··· Given records
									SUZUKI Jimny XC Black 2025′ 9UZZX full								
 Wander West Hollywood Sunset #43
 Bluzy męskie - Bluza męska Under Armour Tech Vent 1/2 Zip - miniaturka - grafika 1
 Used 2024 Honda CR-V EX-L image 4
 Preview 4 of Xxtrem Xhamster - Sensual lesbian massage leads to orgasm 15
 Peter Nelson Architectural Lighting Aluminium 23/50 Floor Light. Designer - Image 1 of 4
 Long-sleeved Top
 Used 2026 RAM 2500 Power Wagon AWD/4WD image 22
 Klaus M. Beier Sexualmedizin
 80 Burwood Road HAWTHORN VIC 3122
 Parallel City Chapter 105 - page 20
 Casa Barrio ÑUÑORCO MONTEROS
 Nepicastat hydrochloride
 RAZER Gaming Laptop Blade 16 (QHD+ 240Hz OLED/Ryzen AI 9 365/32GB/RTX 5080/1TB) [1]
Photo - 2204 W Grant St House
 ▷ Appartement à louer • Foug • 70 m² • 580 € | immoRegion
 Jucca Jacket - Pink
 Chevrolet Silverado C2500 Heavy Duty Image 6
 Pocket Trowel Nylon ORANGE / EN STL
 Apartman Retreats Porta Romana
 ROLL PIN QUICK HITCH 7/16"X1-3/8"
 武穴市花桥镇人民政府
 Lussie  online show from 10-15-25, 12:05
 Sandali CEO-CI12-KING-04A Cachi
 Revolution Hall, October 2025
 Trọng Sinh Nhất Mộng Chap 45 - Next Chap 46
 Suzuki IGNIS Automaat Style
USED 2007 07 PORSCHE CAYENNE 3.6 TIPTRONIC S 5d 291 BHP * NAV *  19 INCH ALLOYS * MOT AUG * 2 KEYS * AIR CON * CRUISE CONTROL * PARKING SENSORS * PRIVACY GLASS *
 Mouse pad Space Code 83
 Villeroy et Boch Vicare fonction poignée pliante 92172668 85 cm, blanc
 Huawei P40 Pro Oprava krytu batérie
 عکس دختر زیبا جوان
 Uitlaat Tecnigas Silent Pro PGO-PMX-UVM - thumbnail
······
Return, with no change at all, every line in the entries above from the line containing "Preview 4 of" through the line containing "Nepicastat hydrochloride".

• Solution to the problem:
 Preview 4 of Xxtrem Xhamster - Sensual lesbian massage leads to orgasm 15
 Peter Nelson Architectural Lighting Aluminium 23/50 Floor Light. Designer - Image 1 of 4
 Long-sleeved Top
 Used 2026 RAM 2500 Power Wagon AWD/4WD image 22
 Klaus M. Beier Sexualmedizin
 80 Burwood Road HAWTHORN VIC 3122
 Parallel City Chapter 105 - page 20
 Casa Barrio ÑUÑORCO MONTEROS
 Nepicastat hydrochloride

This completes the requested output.